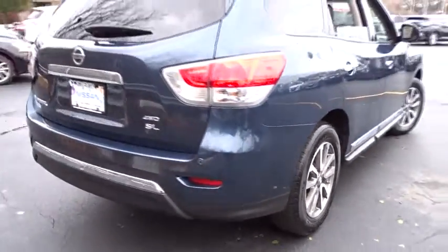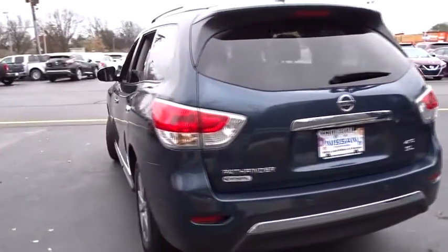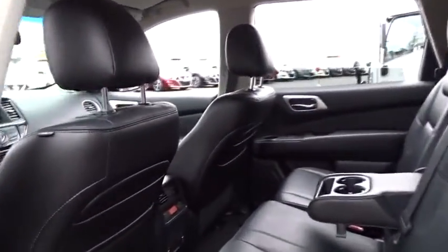Leather wrapped steering wheel, driver airbag, adjustable steering wheel, power steering, four-wheel disc brakes, cruise control, keyless start, auto dimming rear view mirror, PPO, aluminum wheels, AM FM stereo radio.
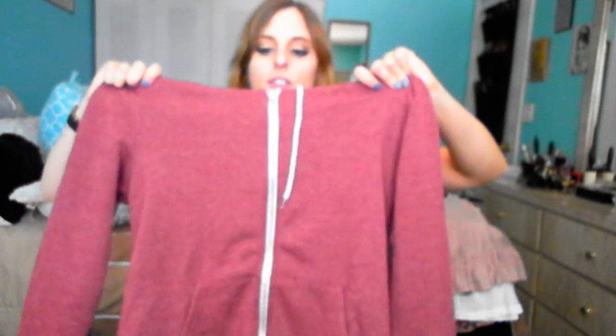The last thing I got is this burgundy hoodie. It was only $10 after my coupon so I decided to pick it up. It's very soft and it's a fairly thick hoodie but not too thick, so it's perfect for fall here.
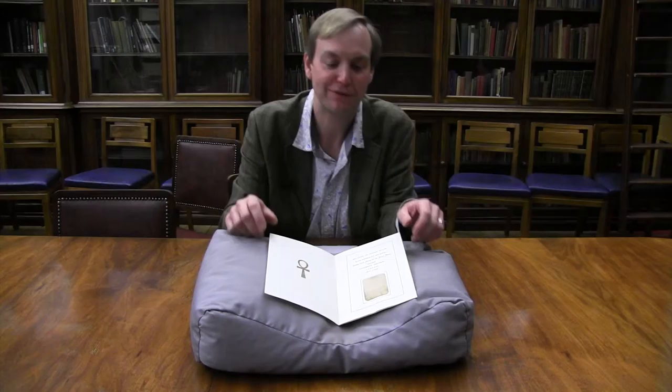My name is Richard Espley and I would like to talk about this item from the archive of Reginald Arthur Rye. Reginald Rye was appointed librarian to the University of London in 1906 and was only the second person to hold that position, after his predecessor resigned acrimoniously after a mere two years. Rye remained as librarian until 1944 when he was forced to retire due to ill health.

[Work item] Word for word, reproduce the material above and omit each image.

[Solution for this task]
Leather wrapped steering wheel, driver airbag, adjustable steering wheel, power steering, four-wheel disc brakes, cruise control, keyless start, auto dimming rear view mirror, PPO, aluminum wheels, AM FM stereo radio.
The last thing I got is this burgundy hoodie. It was only $10 after my coupon so I decided to pick it up. It's very soft and it's a fairly thick hoodie but not too thick, so it's perfect for fall here.
My name is Richard Espley and I would like to talk about this item from the archive of Reginald Arthur Rye. Reginald Rye was appointed librarian to the University of London in 1906 and was only the second person to hold that position, after his predecessor resigned acrimoniously after a mere two years. Rye remained as librarian until 1944 when he was forced to retire due to ill health.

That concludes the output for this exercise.